Saturday, November 12, 2011

Enterprise solution for Logging

This blog and its companion blog are about building example solutions for a distributed architecture. The whole idea behind a distributed architecture is to loosely couple expert systems together using a messaging infrastructure. As examples for expert systems we use Notifications and Logging because almost all projects include them, and as such they are great candidates for being transformed into expert systems. This blog focuses on Logging.
Almost all development projects include a log solution. Projects typically choose log4j or log4net or a custom solution. For large companies these log solutions can cause problems. The benefits to logging is that they contain information about the running of an application, the work it has done and the problems it has encountered along the way. This information is valuable to the development teams to learn how the application behaved and what needs to be done to improvement it. This great benefit can potentially become a liability. In the wrong hands this information can be used to discover the applications vulnerabilities. Log systems also typically generate volumes of content. In an enterprise with a great many applications under management, this volume of information can be excessive and very expensive to store, organize and generally manage. Just making sure that developers configure their application according to the corporations standards requires many meetings and a lot of coordination. Disk capacity for Logs has to be ensured to avoid failure. Ultimately the typical log solution tightly couples the system to a component that is not mission critical.
In conclusion, logging needs to be a managed process, that is standardized, secured and monitored and decoupled from the primary application, leaving it do what it needs to do without having to worry about something that is not central to its task. This way each environment can be set up according to the needs of that environment. A development environment will save all log events, successive environments will log less until the product reaches production at which point only the most important messages are logged. Having a centralized logging system ensures that all environments behave in the same way, there's no need for coordination, app developers are given components to integrate with and are not allowed to write to disk. An expert system is required. As this is series on distributed expert systems, let's look at a solution that uses an advanced messaging systems at it's core. As you can see from the image, the solution will end up including a notification system, but that will be described in another blog.

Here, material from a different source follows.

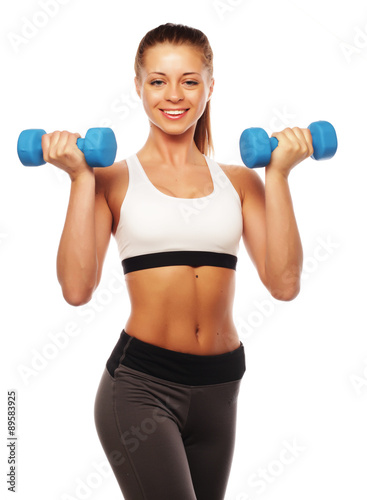 Woman in sport equipment practice with hand weights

Applying the pattern to Logging

We've discussed advanced messaging before, as well as the ever so reliable product RabbitMQ that is based on the distributed telecom language Erlang. The message bus solution can be clustered and therefore scales well, it is very fast and reliable. It is also available as a cloud solution from VMWare. The advantage of using a message bus between an application and an expert system is that it completely decouples the two, there's one universal solution to logging, one standard that is set by the corporation and can include any number of components to ensure that the content is secured and far away from 'prying eyes'.
Putting such a system together is very easy. All it requires is a very simple Facade that simply hands off the logging functionality to the message bus to be picked up by the 'Expert' logging system. That expert system, at the very least is as complicated as the original solution (that was implemented umpteen times across all applications), but now that this is centralized we can focus a little more attention to making sure the content is secured - both in terms of content, as well as access.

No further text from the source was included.